Canada’s economy shed 70,600 jobs in November — more than any other month since June 1982 and nearly triple the forecast figure — as the economic downturn forced layoffs in the Ontario manufacturing sector, Statistics Canada said. The unemployment rate ticked higher to 6.3 percent from 6.2 percent in October. [ID:nN05440350]
The U.S. economy shed a shocking 533,000 jobs in November for the weakest performance in 34 years, data showed. [ID:nN04409522]
“The release of disastrous payroll data in both the U.S. and Canada is having a clear influence in currency flows this morning,” said Jack Spitz, managing director of foreign exchange at National Bank Financial.
“There is no tolerance for risk at the moment. Commodity bloc currencies are in particular faltering the most.”
He said risk aversion was also a driving force, as the U.S. dollar has been seen as a safe haven recently.
The currency was also under pressure from softening crude oil prices, which fell to under $43 a barrel on worries about falling demand. The Canadian dollar has tracked crude prices closely due to Canada’s big oil exports.

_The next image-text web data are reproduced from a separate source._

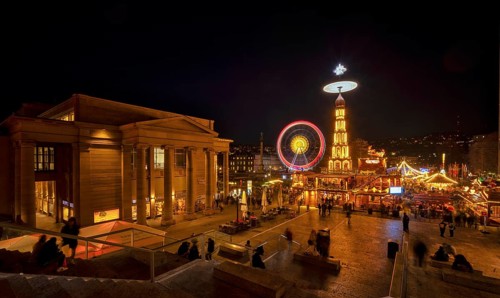 Night view, Christmas market with Christmas pyramid, Ferris wheel, New Palace, Schlossplatz,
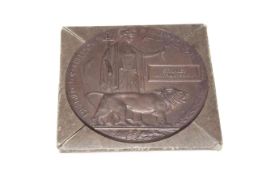 WWI death plaque/death penny awarded to Stanley Arthur Shaw together with Buckingham Palace letter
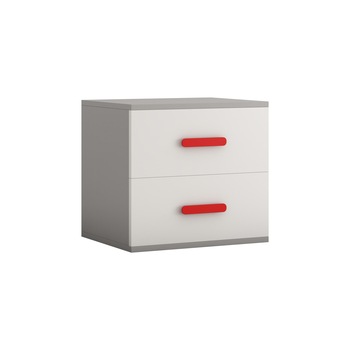 Noptiera Didi, alb/rosu, 55x51x44 cm Noptiera Didi, alb/rosu, 55x51x44 cm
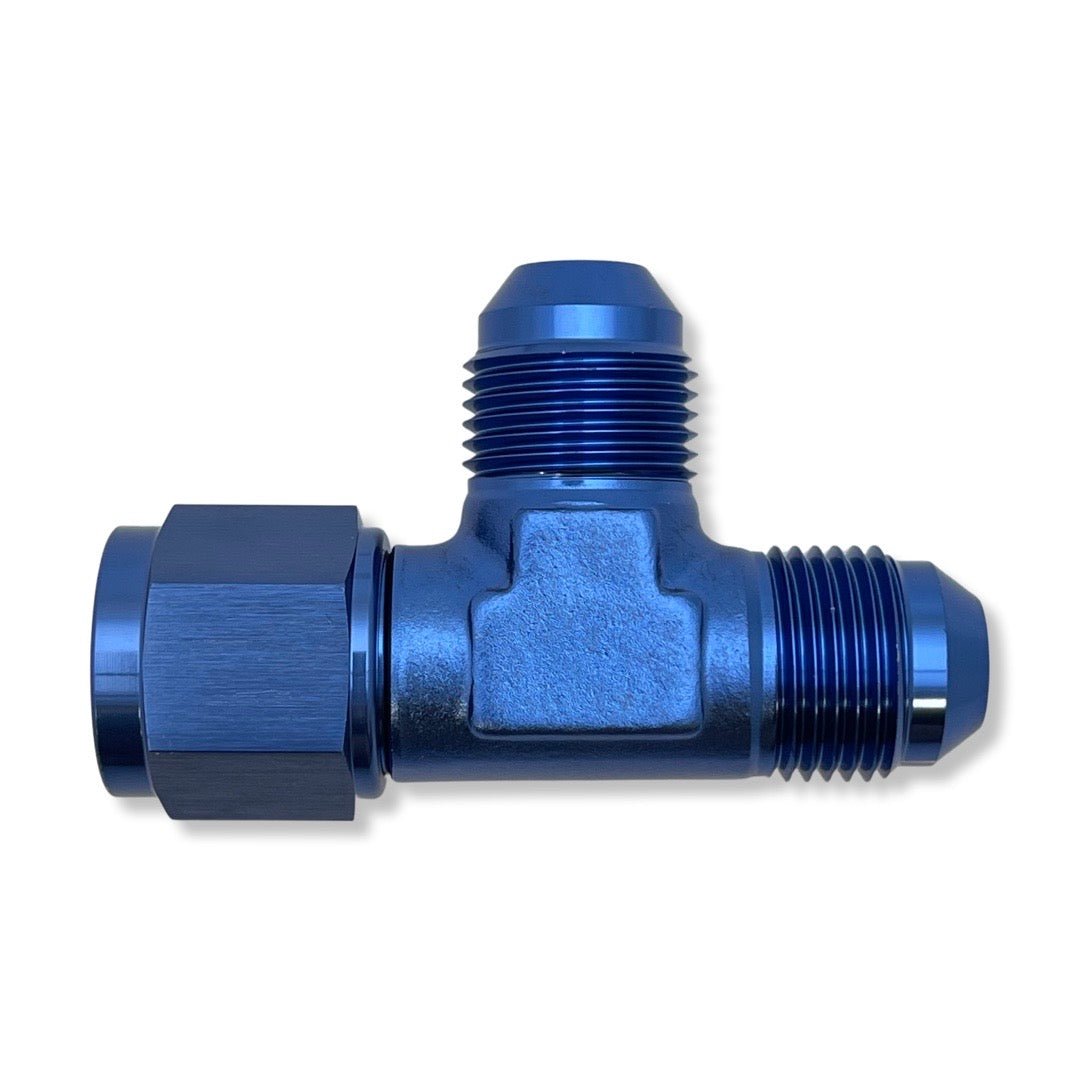 AN3 Tee Adapter With Female Swivel On Run - Blue - 926103 by AN3 Parts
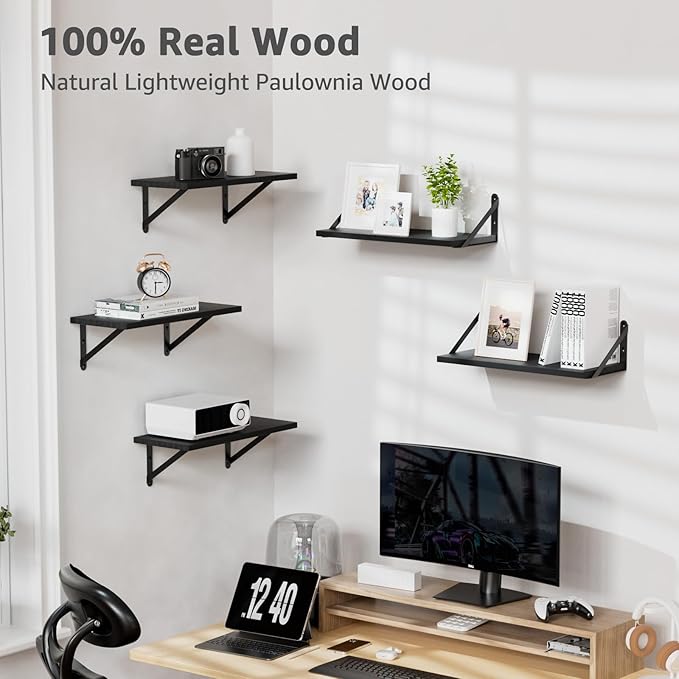 COCOYA Wall Shelves 7.3" Deep Set of 3, Solid Paulownia Wood Wider Longer Sturdy Easy to Install Wall Mounted Bookshelves Storage Shelves Bathroom Home Office Laundry Room Bedroom Organizer Black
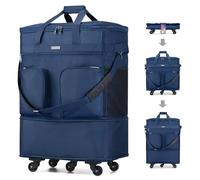 Hanke Maleta Grande expandible de 4 Ruedas, Ligera, Plegable, Maletas y Bolsas de Viaje, Equipaje de Mano Que se extiende 20/24/28 Pulgadas, Bolsa de Lona sin asa telescópica para Hombres y Mujeres,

Bond prices rose following the pair of jobs reports, but pared gains to nearly flat even though the stock markets had a negative tone.
Short-end prices were initially sharply higher, reflecting anticipation that North America’s central banks will cut interest rates steeply this month after some aggressive rate cuts overseas earlier this week.
The Canadian jobs report underlines market expectations that the Bank of Canada will chop its key overnight lending rate next Tuesday by at least 50 basis points.
The central bank has reduced its key overnight lending rate by 225 basis points since December 2007 to 2.25 percent and has signaled its intention to ease further.
The two-year bond managed to eke out a small gain of 4 Canadian cents to C$102.41 to yield 1.509 percent. The 10-year bond was up 5 Canadian cents at C$109.85 to yield 3.045 percent.
The yield spread between the two-year and 10-year bond was at 159 basis points, up from 158 basis points at the previous close.